Das Album »Feral« von RVG

Mit Nachdruck

Platte Buch Von

Wenn eine Indierockband aus Aus­tralien stammt, liegt es nahe, dass sie mit anderen entfernt ähnlichen Bands vom fünften Kontinent verglichen wird, selbst wenn es stilistisch nicht so recht passt. So ergeht es auch RVG aus Melbourne, die Rezensenten wiederholt in die Nachfolge der Go-Betweens aus Brisbane gestellt haben. Ganz so sehr nach jangle pop wie diese klingt die nach ihrer Sängerin benannte Romy Vager Group – kurz RVG – aber nicht. Vielmehr erinnert Vagers ausdrucksstarke, leicht nasale Stimme etwa an die Brett Andersons von der Britpop-Band Suede und die sich elegant umspielenden Wave-Gitarren von Vager selbst und Reuben Bloxham lassen an die markanten Shoegaze-Riffs von Andy Bell und Mark Gardener von den aus Oxford stammenden Ride denken. Oftmals verfügen Vagers Songs über Spannungsbögen, die sie durch ihren Stimmumfang ausgestaltet, indem sie im Lauf der Stücke eine Oktave nach oben springt und die Dringlichkeit steigert. Bei Auftritten schreckt sie dagegen auch vor einem Wechsel in den Schreigesang nicht zurück, um ihren Worten Nachdruck zu verleihen.
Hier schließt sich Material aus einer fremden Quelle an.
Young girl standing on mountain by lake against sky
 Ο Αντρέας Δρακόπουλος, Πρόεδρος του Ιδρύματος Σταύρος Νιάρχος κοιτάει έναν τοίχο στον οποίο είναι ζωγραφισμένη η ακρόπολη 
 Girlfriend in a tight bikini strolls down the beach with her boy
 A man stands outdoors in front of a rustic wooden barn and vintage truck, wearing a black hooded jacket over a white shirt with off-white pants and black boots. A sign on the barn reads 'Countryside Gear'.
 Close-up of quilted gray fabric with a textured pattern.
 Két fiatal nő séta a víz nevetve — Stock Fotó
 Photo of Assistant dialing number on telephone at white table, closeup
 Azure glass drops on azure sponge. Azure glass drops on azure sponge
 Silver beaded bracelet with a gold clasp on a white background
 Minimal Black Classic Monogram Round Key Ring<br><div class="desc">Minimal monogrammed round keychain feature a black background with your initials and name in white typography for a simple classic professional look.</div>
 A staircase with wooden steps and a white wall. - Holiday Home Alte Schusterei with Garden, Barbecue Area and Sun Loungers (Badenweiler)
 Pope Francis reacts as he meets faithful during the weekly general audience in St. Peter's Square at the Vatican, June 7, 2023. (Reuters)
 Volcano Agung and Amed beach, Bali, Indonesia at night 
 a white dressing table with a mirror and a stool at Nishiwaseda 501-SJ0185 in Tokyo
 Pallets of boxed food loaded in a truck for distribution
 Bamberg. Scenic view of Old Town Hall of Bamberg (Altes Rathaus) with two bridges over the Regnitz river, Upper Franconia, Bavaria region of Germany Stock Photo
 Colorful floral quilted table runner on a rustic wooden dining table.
In »Alexandra«, dem ersten Lied des zweiten RVG-Albums »Feral«, ist die emotionale Spannung überdeutlich zu hören. Das Lied richtet sich an die kleine Schwester, die bei den Eltern geblieben ist, nachdem diese das ältere Kind, aus dessen Perspektive gesungen wird, verstoßen haben. Offen bleibt, ob der Song von Romy Vagers Coming-out als Transperson handelt. Die vorwurfsvollen Aussagen, die sie der Schwester in den Mund legt, sind drastisch: So, wie die Ältere sich kleide, müsse sie sich nicht wundern, wenn Leute sie anzünden wollten. Trotz aller Schuldzuweisungen möchte die Gescholtene aber an ihrer kleinen Schwester festhalten: »I just want you to see me/You don’t have to love me too/Alexandra/Little sister/I’m holding on to you.« Vager gelingt es, die ganze Tragik dieser Szene zum Ausdruck zu bringen. Und der Titel des Albums erscheint in seiner Ambiguität sogleich noch passender, heißt »feral« doch einerseits »ungezähmt«, andererseits aber auch »düster« oder gar »tödlich«.